STO/SAO bilayer films were sequentially grown by PLD on TiO2-terminated STO(001) substrates with sintered SAO and STO ceramic targets. Before the deposition, the STO substrates were buffered HF etched and then annealed at 950 °C to achieve a TiO2-terminated atomically flat surface57. During growth, the target materials were vapourized by irradiation of an excimer laser (wavelength λ = 248 nm) operated with a repetition rate of 2 Hz and a laser fluence of 1.8 J cm−2, whereas the STO substrates were kept at 760 °C. The partial pressures of oxygen (PO2) for the growth of SAO and STO were 1 × 10−6 and 1 × 10−2 torr, respectively. After deposition, all the samples were cooled down to room temperature at the rate of 10 °C min–1 under a PO2 value of 1 × 10−2 torr.
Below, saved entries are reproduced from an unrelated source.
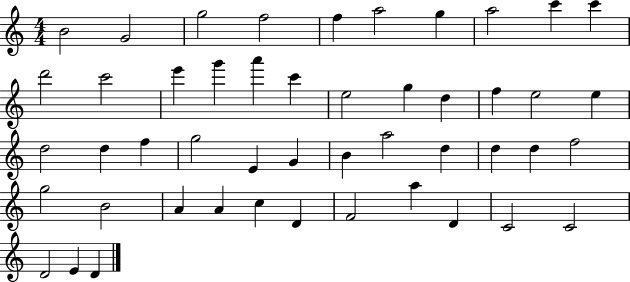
{
  \clef treble
  \numericTimeSignature
  \time 4/4
  \key c \major
  b'2 g'2 | g''2 f''2 | f''4 a''2 g''4 | a''2 c'''4 c'''4 | \break d'''2 c'''2 | e'''4 g'''4 a'''4 c'''4 | e''2 g''4 d''4 | f''4 e''2 e''4 | \break d''2 d''4 f''4 | g''2 e'4 g'4 | b'4 a''2 d''4 | d''4 d''4 f''2 | \break g''2 b'2 | a'4 a'4 c''4 d'4 | f'2 a''4 d'4 | c'2 c'2 | \break d'2 e'4 d'4 | \bar "|."
}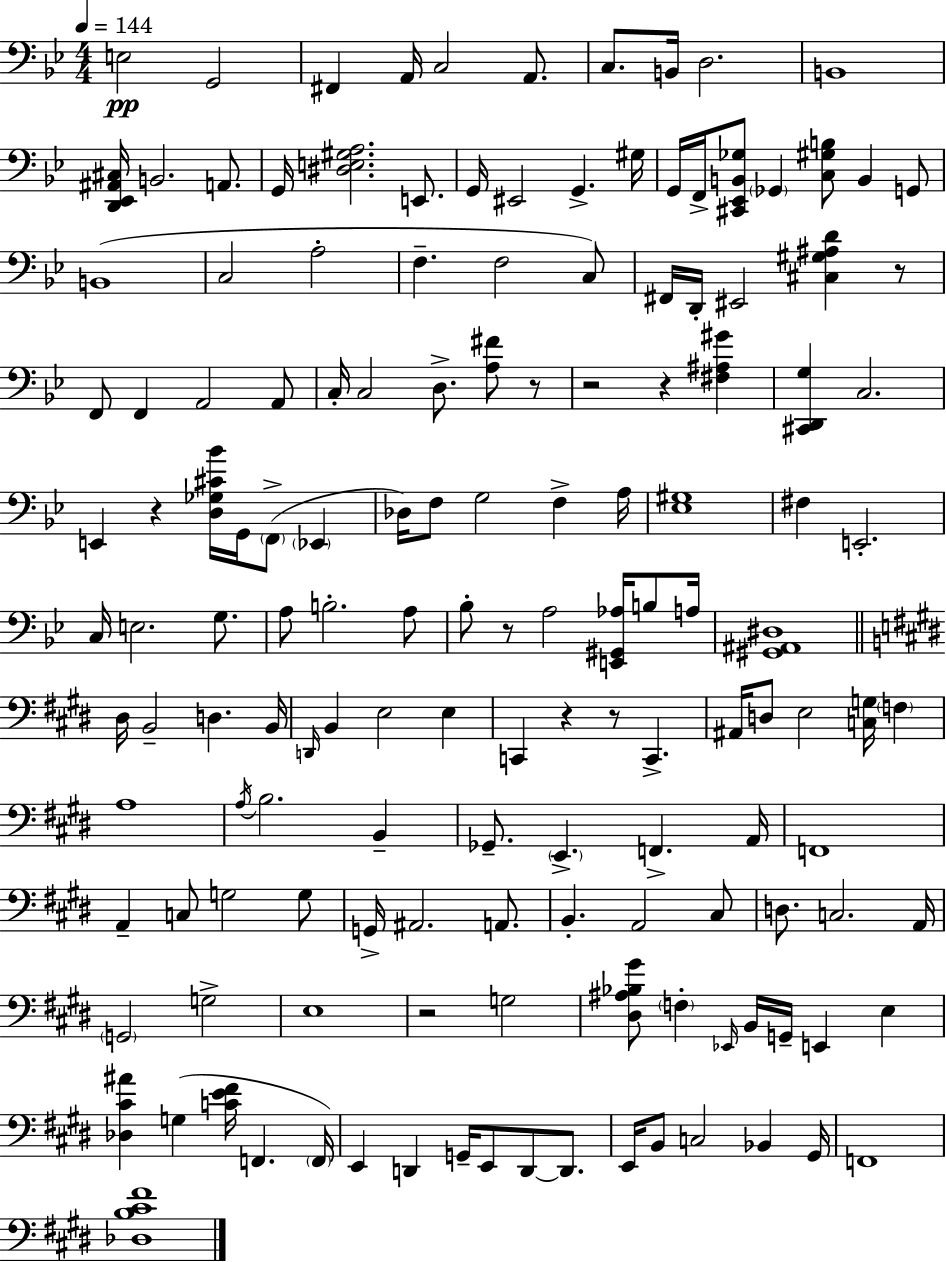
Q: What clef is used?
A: bass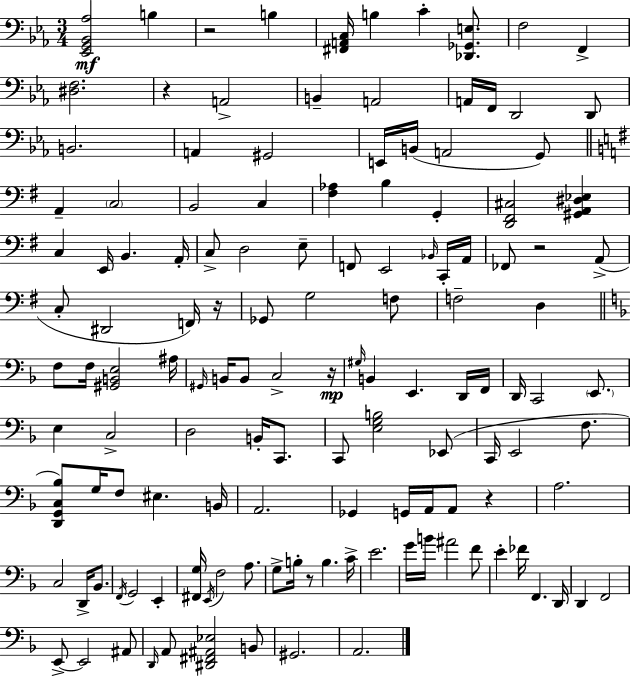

SiO2/Si substrates were treated with oxygen plasma (CUTE-1MPR dual-mode plasma processing system, Femto Science) for 5 min at a power of 50 W before mechanical exfoliation and transfer of graphene (Gr), MoS2 and WSe2. To transfer MoS2 on Gr, MoS2 flakes on SiO2/Si were lifted off by PDMS sheets using a wedging transfer method58. Briefly, the surface of the SiO2/Si substrate supporting the target MoS2 flake was covered with a PDMS sheet. Then, DI water was added to the surrounding of the PDMS sheet, and it slowly penetrated into the gap between PDMS and SiO2 because the SiO2 surface is hydrophilic after oxygen plasma treatment. The PDMS sheet with the target MoS2 flake finally floated up on the surface of DI water. The PDMS/MoS2 stack was then picked up, dried and transferred onto graphene on another SiO2/Si substrate using the method described earlier.

Material characterization

HAADF-STEM images were obtained at 300 kV using an aberration-corrected FEI Titan Themis G2 instrument. The AFM images were measured in the tapping mode using a Cypher ES Environmental AFM (Asylum Research). Raman spectra were measured on a WITec alpha300 confocal Raman system with an excitation wavelength of 532 nm.

Device fabrication

Drain, source and top-gate electrodes were defined by electron-beam lithography followed by thermal deposition of 5 nm Cr and 60–100 nm Au.

Electrical measurements

The transistors were bonded to chip carriers and measured using a Keithley 2635b sourcemeter and two Keithley 2450 sourcemeters in a shielded vacuum chamber (0.1 mbar) at room temperature. The CMOS inverters were measured with an additional Keithley 2230G power supply. Two-terminal IV measurements were performed using the Keithley 2635b sourcemeter. Hall-effect measurements were carried out in a helium atmosphere (~0.1 torr) in an Oxford TeslatronPT cryostation equipped with a magnetic field of up to 8 T.